◆ **PROBLEM DESCRIPTION**: What is needed is the number of lines below that contain the word "Inch", with no other output.

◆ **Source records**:
-------
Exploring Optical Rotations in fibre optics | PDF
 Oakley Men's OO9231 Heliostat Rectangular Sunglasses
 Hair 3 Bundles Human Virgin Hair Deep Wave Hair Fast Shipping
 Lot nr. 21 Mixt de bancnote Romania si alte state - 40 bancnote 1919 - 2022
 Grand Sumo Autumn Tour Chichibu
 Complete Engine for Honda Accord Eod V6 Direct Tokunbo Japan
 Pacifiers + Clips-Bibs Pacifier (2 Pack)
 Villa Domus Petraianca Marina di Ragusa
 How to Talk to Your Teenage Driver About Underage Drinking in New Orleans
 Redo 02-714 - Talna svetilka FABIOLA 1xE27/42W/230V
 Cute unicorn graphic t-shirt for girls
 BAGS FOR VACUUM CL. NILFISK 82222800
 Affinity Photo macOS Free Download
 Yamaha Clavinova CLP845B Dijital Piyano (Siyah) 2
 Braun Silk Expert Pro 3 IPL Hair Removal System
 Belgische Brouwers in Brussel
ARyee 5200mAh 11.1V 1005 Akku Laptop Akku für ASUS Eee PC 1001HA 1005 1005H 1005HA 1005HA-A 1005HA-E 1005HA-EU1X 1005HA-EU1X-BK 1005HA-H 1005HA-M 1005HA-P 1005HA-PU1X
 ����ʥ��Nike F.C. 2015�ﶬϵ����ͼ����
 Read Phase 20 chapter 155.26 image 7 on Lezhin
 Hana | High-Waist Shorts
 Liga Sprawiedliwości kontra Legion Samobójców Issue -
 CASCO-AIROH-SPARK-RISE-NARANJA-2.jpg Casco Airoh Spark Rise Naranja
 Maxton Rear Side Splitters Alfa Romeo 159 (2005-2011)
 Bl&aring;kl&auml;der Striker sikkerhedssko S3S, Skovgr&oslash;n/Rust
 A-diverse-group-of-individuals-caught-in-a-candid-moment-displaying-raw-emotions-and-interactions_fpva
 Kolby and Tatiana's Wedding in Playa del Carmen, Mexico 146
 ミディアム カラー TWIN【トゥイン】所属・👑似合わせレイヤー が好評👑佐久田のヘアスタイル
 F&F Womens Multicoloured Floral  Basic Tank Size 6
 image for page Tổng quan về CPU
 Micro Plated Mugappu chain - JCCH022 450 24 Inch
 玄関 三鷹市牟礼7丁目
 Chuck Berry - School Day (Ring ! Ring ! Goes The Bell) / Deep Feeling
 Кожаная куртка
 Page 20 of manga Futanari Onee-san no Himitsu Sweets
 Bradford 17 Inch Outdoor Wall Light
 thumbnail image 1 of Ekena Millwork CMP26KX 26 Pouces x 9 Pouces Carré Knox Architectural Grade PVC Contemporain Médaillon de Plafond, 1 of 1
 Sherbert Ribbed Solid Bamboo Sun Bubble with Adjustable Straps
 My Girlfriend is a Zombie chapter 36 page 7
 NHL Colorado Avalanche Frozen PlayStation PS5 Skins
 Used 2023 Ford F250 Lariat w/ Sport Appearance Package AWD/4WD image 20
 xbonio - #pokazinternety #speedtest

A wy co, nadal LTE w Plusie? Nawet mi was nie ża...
-------
◆ **RESPONSE AREA**: 2